APOE is a polymorphic gene with three (3) major alleles (APOE-ε2, APOE-ε3, and APOE-ε4) which encode three protein isoforms (apoE2, apoE3, and apoE4). The  APOE gene encodes Apolipoprotein E (Apo-E, ApoE), which is a polymorphic carrier protein associated with lipid particles that is a core component of plasma lipoproteins and is involved in the production, transport, and clearance of lipoproteins. ApoE protein is associated with chylomicrons, chylomicron remnants, high-density lipoproteins (HDL), very low-density lipoproteins (VLDL), and intermediate-density lipoproteins (IDL), showing a particular affinity for binding with high-density lipoproteins (HDL). [1]
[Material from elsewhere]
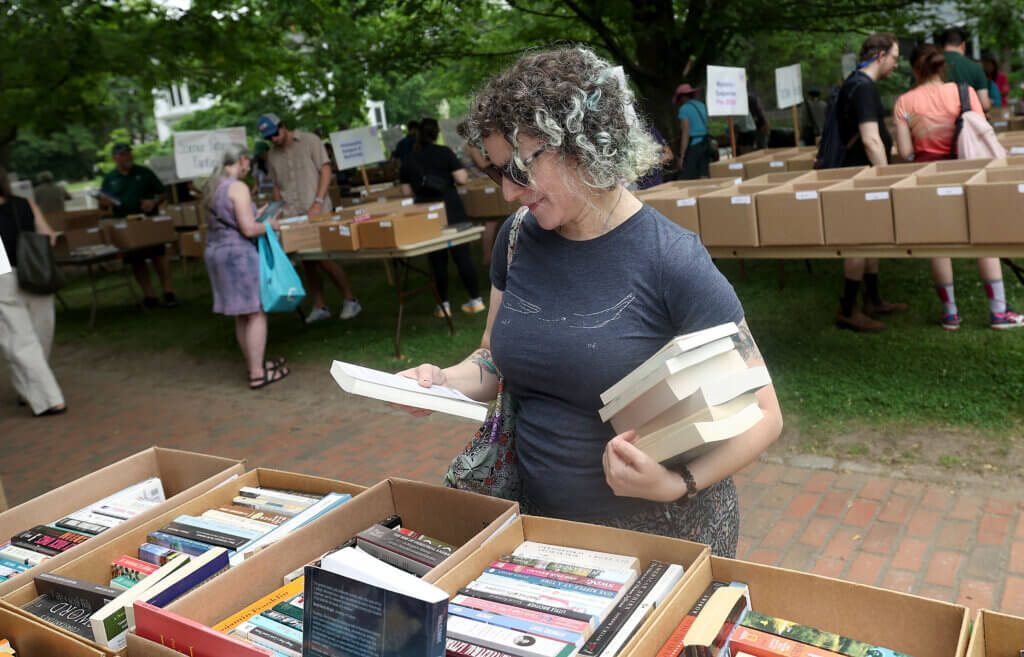 Rachel Ropeik of Acton considers adding another volume to her haul.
ApoE is responsible for the transport of chylomicrons, serving as the most important lipid transport protein in the body due to its significant impact on lipid metabolism. Its interaction with low-density lipoprotein receptors (LDLR) is crucial for the normal processing (breakdown and metabolism) of triglyceride-rich lipoproteins. [2] In peripheral tissues, ApoE protein is mainly produced by the liver and macrophages, mediating cholesterol metabolism. Whereas in the central nervous system, it is primarily produced by astrocytes, acting as the major cholesterol carrier in the brain and is essential for the transport of cholesterol from astrocytes to neurons. [1-4] Additionally, ApoE protein, by forming complexes with activated C1q, becomes a target for the checkpoint inhibitor of the classical complement pathway. [5]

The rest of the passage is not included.